‘Sandwich’ discovery offers new explanation for planet formation

An artist's impression of a planetary system appearing in colours of orange, yellow and brown.
Artistic rendering of how small planets can form ‘sandwiched’ in between two larger ones.
Credit
University of Warwick/Mark A. Garlick

Scientists have made a new discovery on how small planets might form. Researchers at the University of Warwick investigated the ‘birth environment’ of planets – areas of gas and dust that swirl around a central star – known as the protoplanetary disc.

They discovered a new method of planet formation in this region, not yet described in previous research. The work has been submitted to the journal Monthly Notices of the Royal Astronomical Society and is showcased at the National Astronomy Meeting, which begins today, Monday 3 July. The team showed how two large planets in the protoplanetary disc can potentially give rise to a smaller planet in between them – which they term “sandwiched planet formation”.
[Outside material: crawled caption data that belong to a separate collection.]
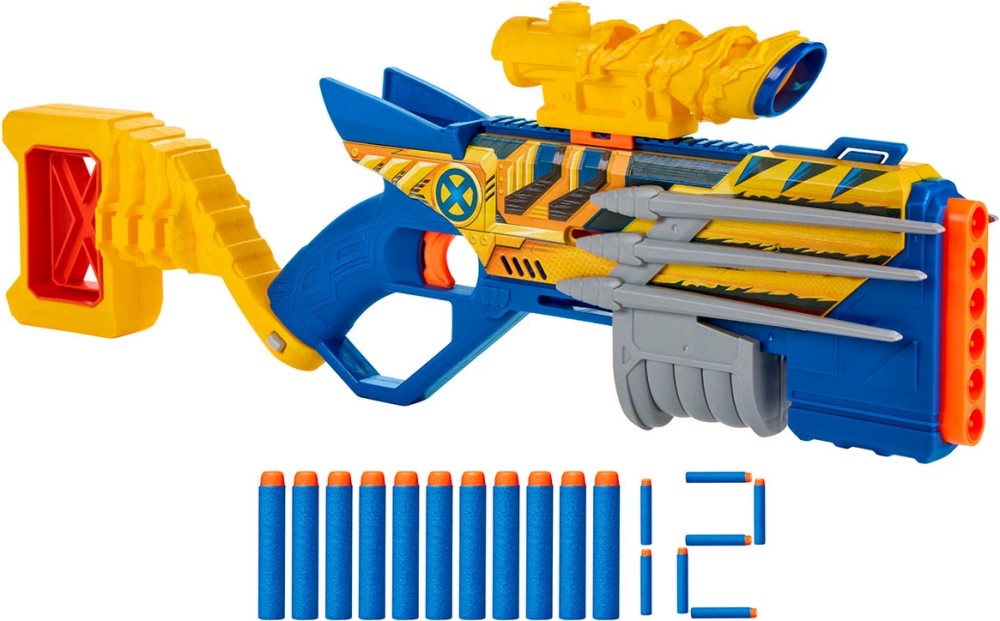 Nerf - Wolverine Nerf - Wolverine - Бластер с 12 стрелички - играчка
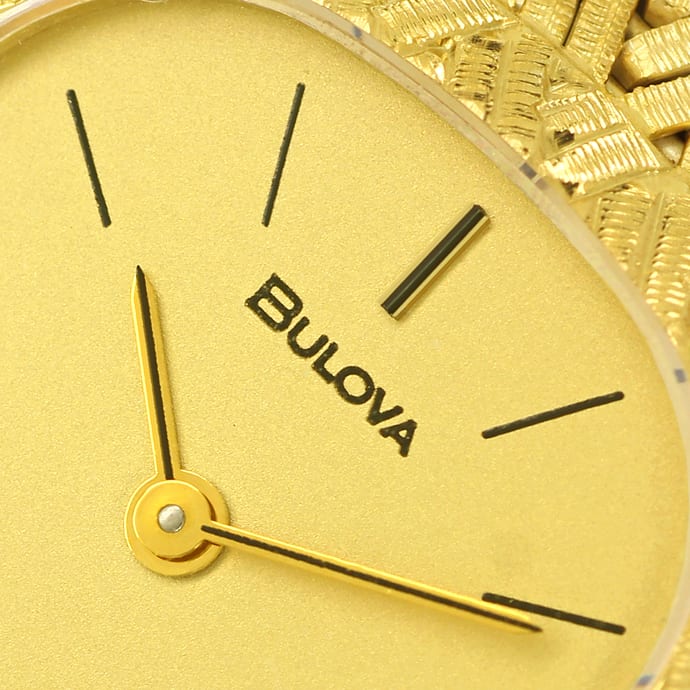 Foto 3 - Bulova Damen-Armbanduhr massives Fischgrätband 14K Gold, U2591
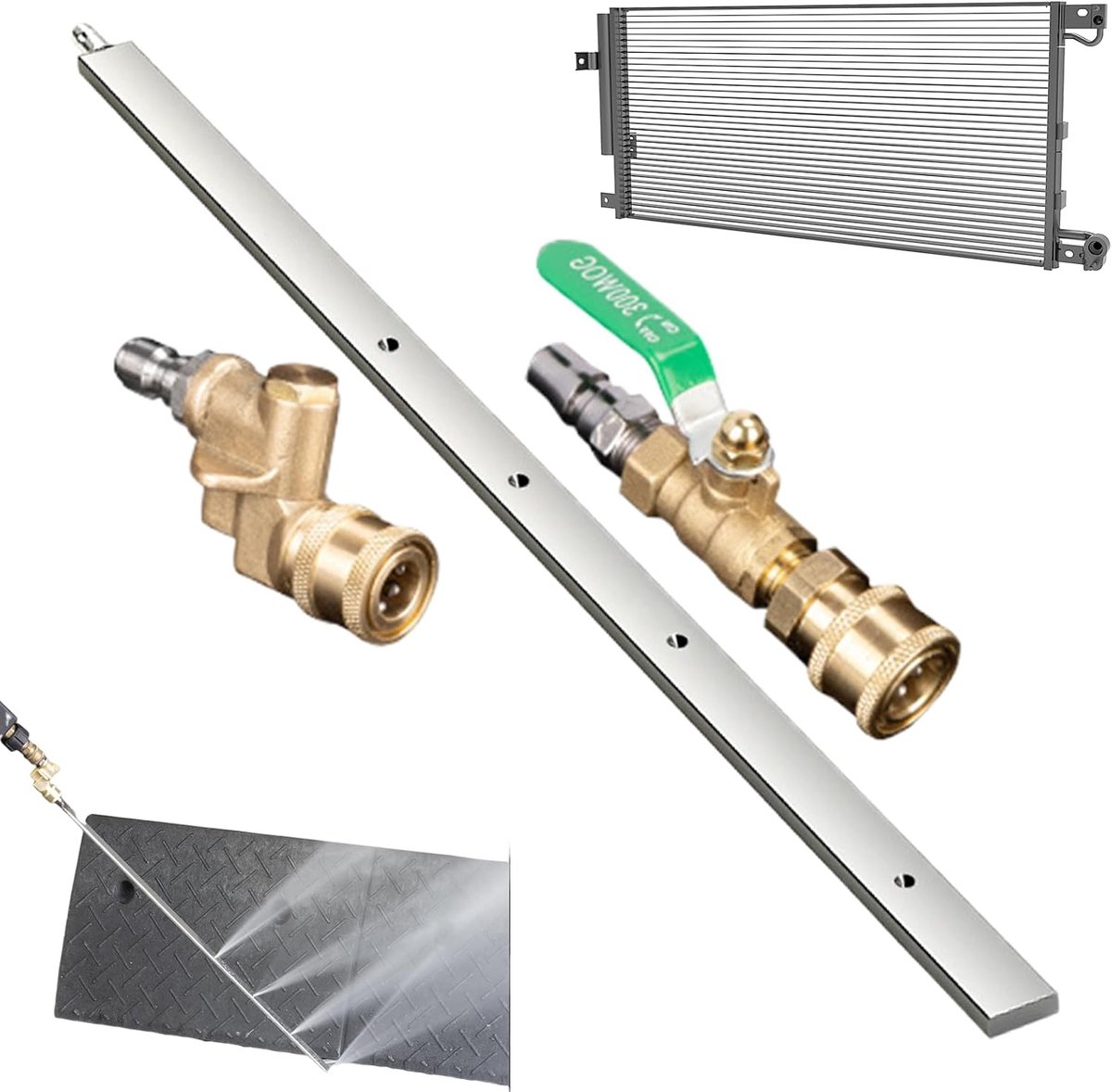 Radiator Reiniger - Wasstaaf Krachtig - Voertuig Onderhoud - Verstelbare Hoek - 60 cm Lengte - Zilverkleurig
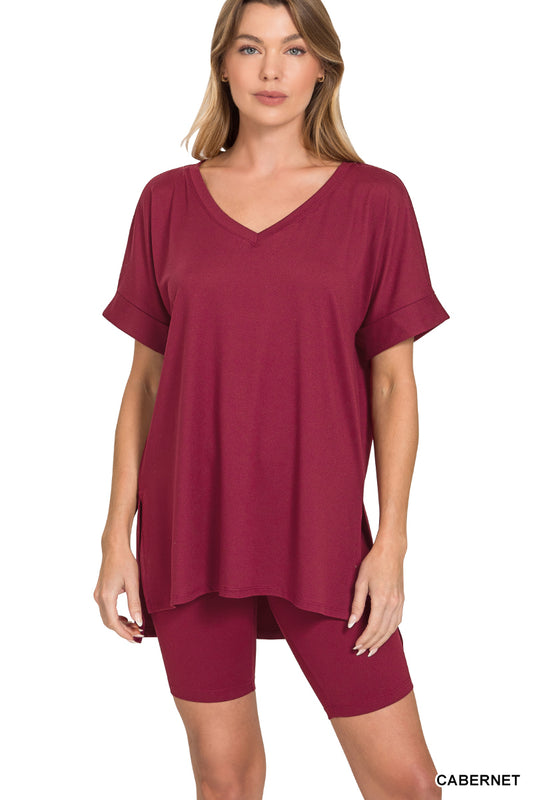 Brushed dty microfiber v-neck top & biker shorts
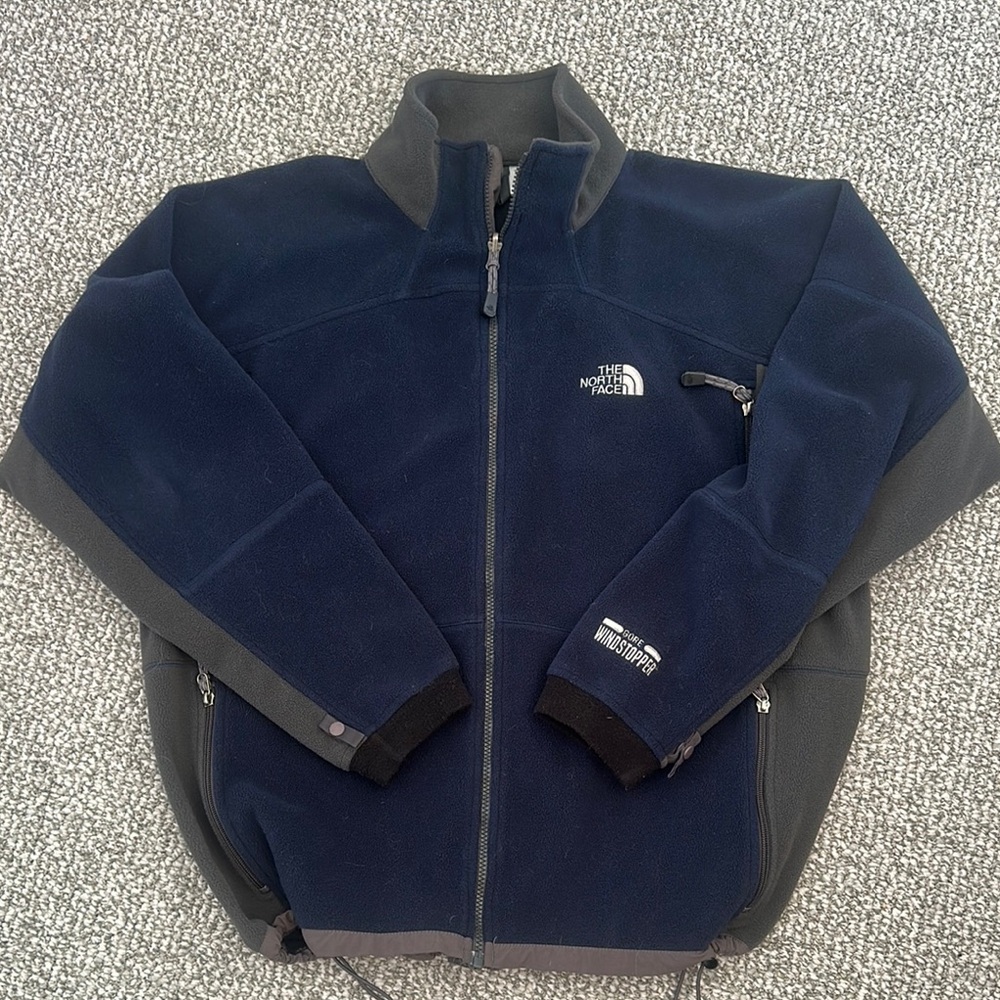 The North Face Gore Windstopper Men's Navy and Gray Fleece Jacket Large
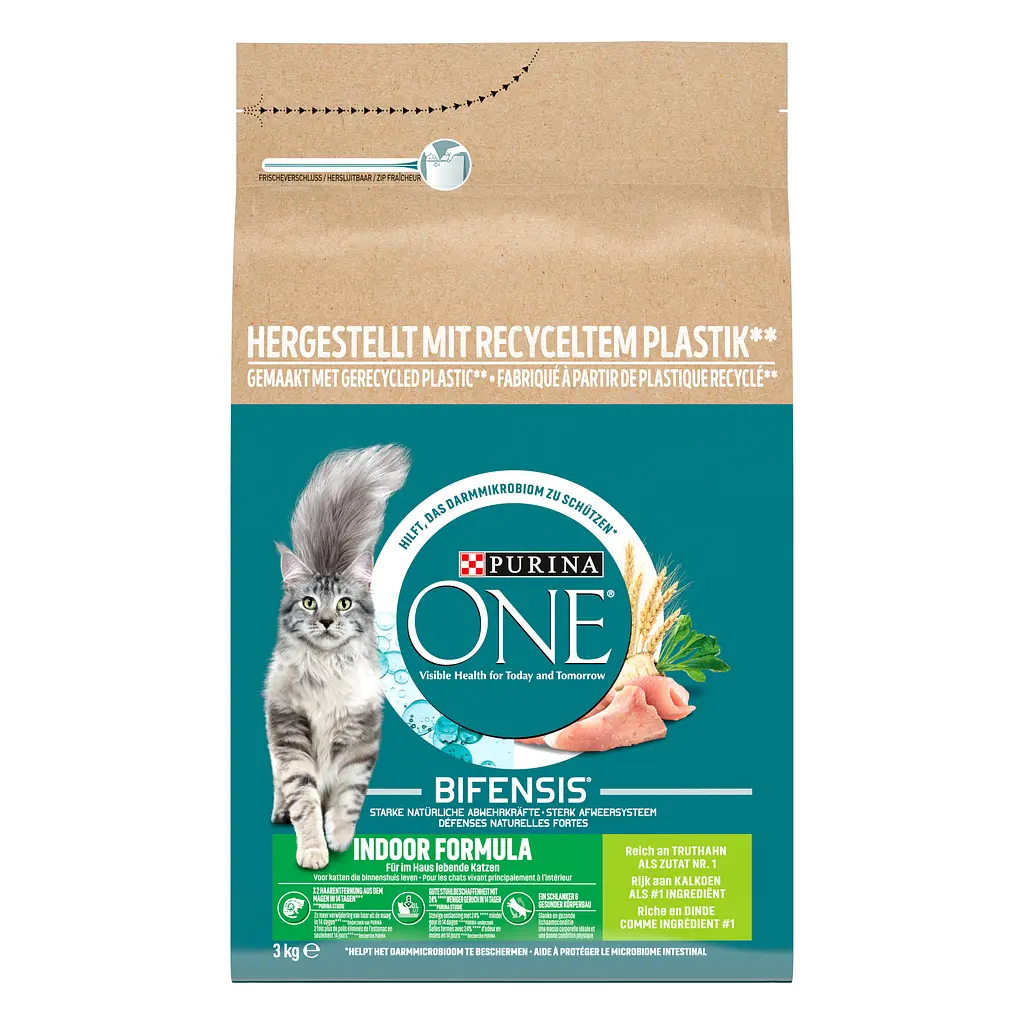 Сухий корм для дорослих домашніх котів Purina One Indoor з індичкою та цільними злаками 3 кг (12485656) - фото 2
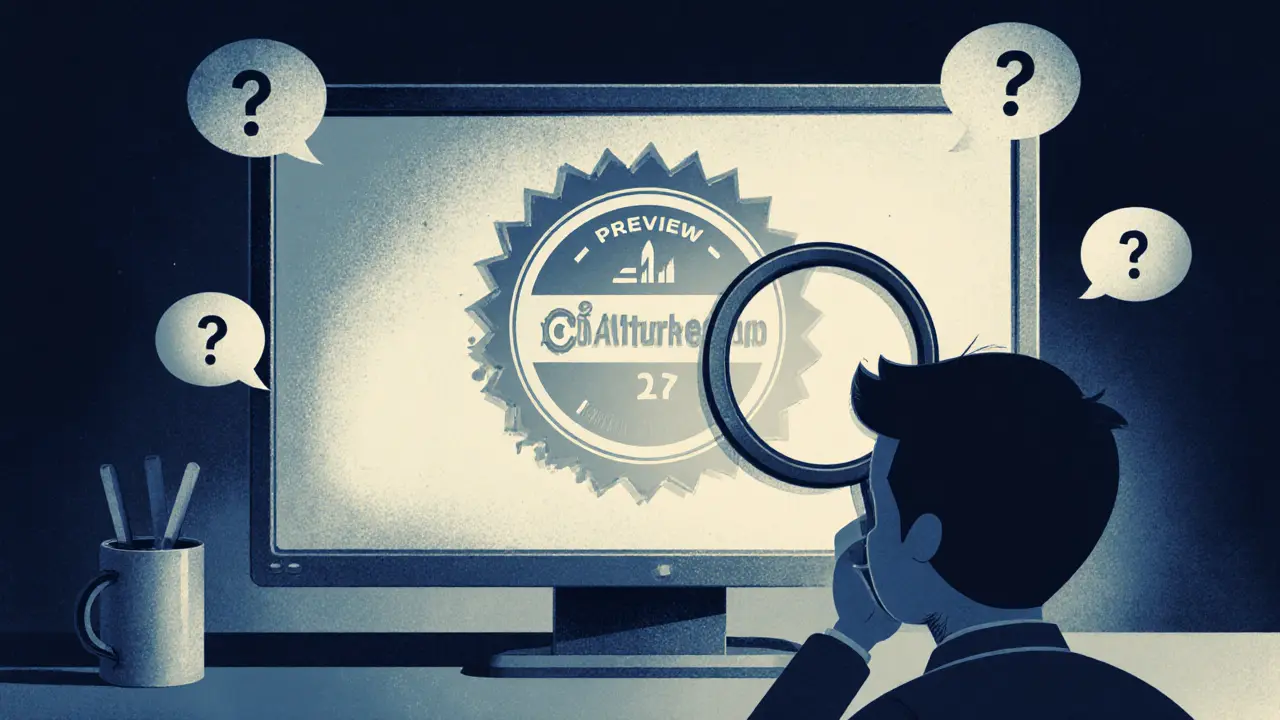 Cartoon user examining a preview page on a retro monitor, hinting at skepticism.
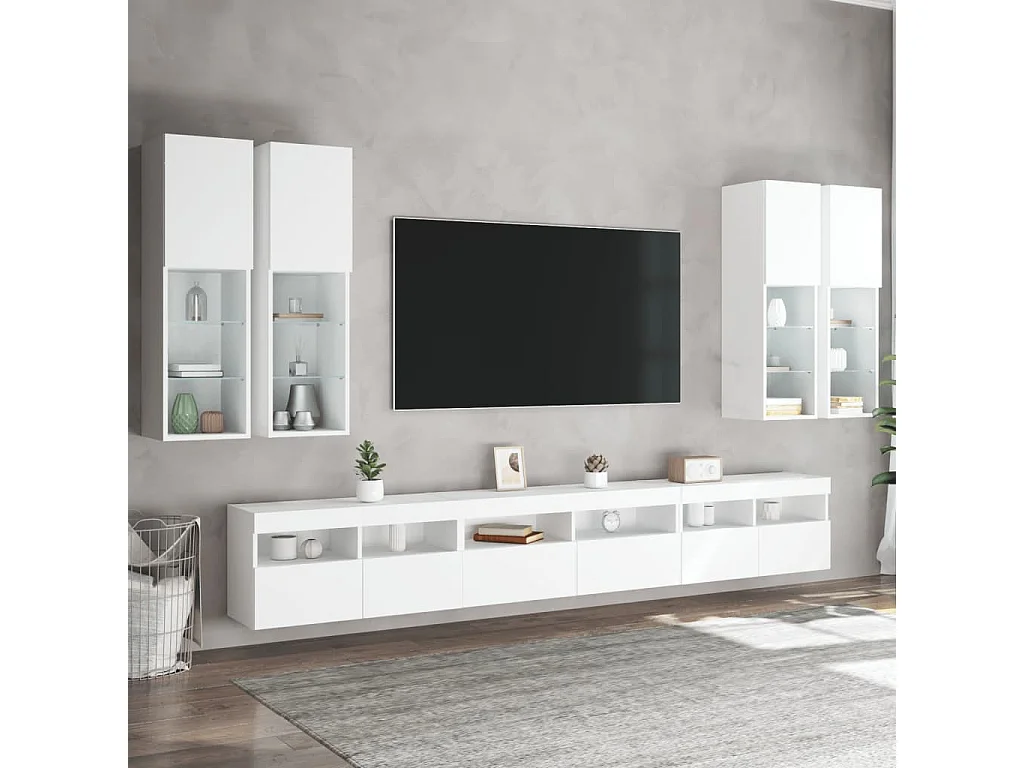 Trinidad  Ensemble de meubles TV muraux 7 pcs avec lumières LED blanc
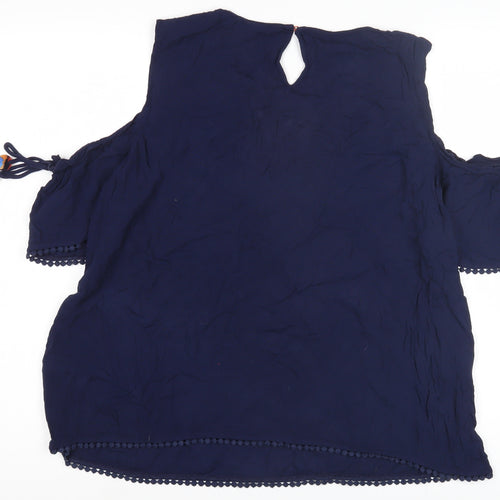 Tom Tailor Denim Blue XL Women's Cold Shoulder Blouse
The reason for this is that the two original, large planets restrict an inwards flow of dust. This means that the amount of dust that collects between them is reduced compared to if there were no outer planet. If that dust was to eventually come together to form a planet, then the middle planet would likely be smaller than the outer two planets – like the filling of a sandwich.

While further research is needed in the field, this theory could present a possible explanation for the formation of small planets; like Mars and Uranus, which are each surrounded by larger planets.

Associate Professor and Dorothy Hodgkin Fellow, Farzana Meru, from the Department of Physics at the University of Warwick, said: “In the last decade, observations have revealed that rings and gaps exist in protoplanetary discs. The gaps are where we expect planets to be, and we know from theory work that planets cause dust rings to form just exterior to them. What exactly is happening in those rings poses an important question to astronomers around the world.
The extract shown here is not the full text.